TASK PROMPT: Nothing in the data may be altered; copy it all exactly.

INPUT:
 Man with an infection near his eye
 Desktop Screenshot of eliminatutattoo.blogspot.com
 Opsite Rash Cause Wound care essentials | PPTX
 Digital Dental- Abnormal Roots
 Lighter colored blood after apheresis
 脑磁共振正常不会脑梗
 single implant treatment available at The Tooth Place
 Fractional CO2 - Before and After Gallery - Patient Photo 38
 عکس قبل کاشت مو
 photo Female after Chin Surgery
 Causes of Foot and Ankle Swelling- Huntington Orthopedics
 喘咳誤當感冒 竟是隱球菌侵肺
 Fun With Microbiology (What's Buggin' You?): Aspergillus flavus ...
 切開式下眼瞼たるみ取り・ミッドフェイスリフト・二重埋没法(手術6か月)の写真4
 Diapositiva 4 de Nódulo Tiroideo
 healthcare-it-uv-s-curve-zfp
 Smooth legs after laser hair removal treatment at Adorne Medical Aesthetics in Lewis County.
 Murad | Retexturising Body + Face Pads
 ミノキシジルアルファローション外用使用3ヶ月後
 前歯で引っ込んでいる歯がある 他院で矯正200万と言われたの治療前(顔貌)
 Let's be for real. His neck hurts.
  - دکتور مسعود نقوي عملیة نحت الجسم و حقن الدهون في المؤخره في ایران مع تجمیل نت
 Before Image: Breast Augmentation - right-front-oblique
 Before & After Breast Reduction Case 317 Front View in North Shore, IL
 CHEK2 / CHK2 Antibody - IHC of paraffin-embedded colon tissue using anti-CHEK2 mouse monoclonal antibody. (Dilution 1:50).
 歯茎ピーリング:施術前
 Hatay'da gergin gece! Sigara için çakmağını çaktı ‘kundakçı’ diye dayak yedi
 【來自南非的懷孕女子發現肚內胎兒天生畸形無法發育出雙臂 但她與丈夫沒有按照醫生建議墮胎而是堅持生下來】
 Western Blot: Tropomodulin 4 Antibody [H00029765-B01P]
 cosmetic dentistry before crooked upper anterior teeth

EXERCISE ANSWER:
 Man with an infection near his eye
 Desktop Screenshot of eliminatutattoo.blogspot.com
 Opsite Rash Cause Wound care essentials | PPTX
 Digital Dental- Abnormal Roots
 Lighter colored blood after apheresis
 脑磁共振正常不会脑梗
 single implant treatment available at The Tooth Place
 Fractional CO2 - Before and After Gallery - Patient Photo 38
 عکس قبل کاشت مو
 photo Female after Chin Surgery
 Causes of Foot and Ankle Swelling- Huntington Orthopedics
 喘咳誤當感冒 竟是隱球菌侵肺
 Fun With Microbiology (What's Buggin' You?): Aspergillus flavus ...
 切開式下眼瞼たるみ取り・ミッドフェイスリフト・二重埋没法(手術6か月)の写真4
 Diapositiva 4 de Nódulo Tiroideo
 healthcare-it-uv-s-curve-zfp
 Smooth legs after laser hair removal treatment at Adorne Medical Aesthetics in Lewis County.
 Murad | Retexturising Body + Face Pads
 ミノキシジルアルファローション外用使用3ヶ月後
 前歯で引っ込んでいる歯がある 他院で矯正200万と言われたの治療前(顔貌)
 Let's be for real. His neck hurts.
  - دکتور مسعود نقوي عملیة نحت الجسم و حقن الدهون في المؤخره في ایران مع تجمیل نت
 Before Image: Breast Augmentation - right-front-oblique
 Before & After Breast Reduction Case 317 Front View in North Shore, IL
 CHEK2 / CHK2 Antibody - IHC of paraffin-embedded colon tissue using anti-CHEK2 mouse monoclonal antibody. (Dilution 1:50).
 歯茎ピーリング:施術前
 Hatay'da gergin gece! Sigara için çakmağını çaktı ‘kundakçı’ diye dayak yedi
 【來自南非的懷孕女子發現肚內胎兒天生畸形無法發育出雙臂 但她與丈夫沒有按照醫生建議墮胎而是堅持生下來】
 Western Blot: Tropomodulin 4 Antibody [H00029765-B01P]
 cosmetic dentistry before crooked upper anterior teeth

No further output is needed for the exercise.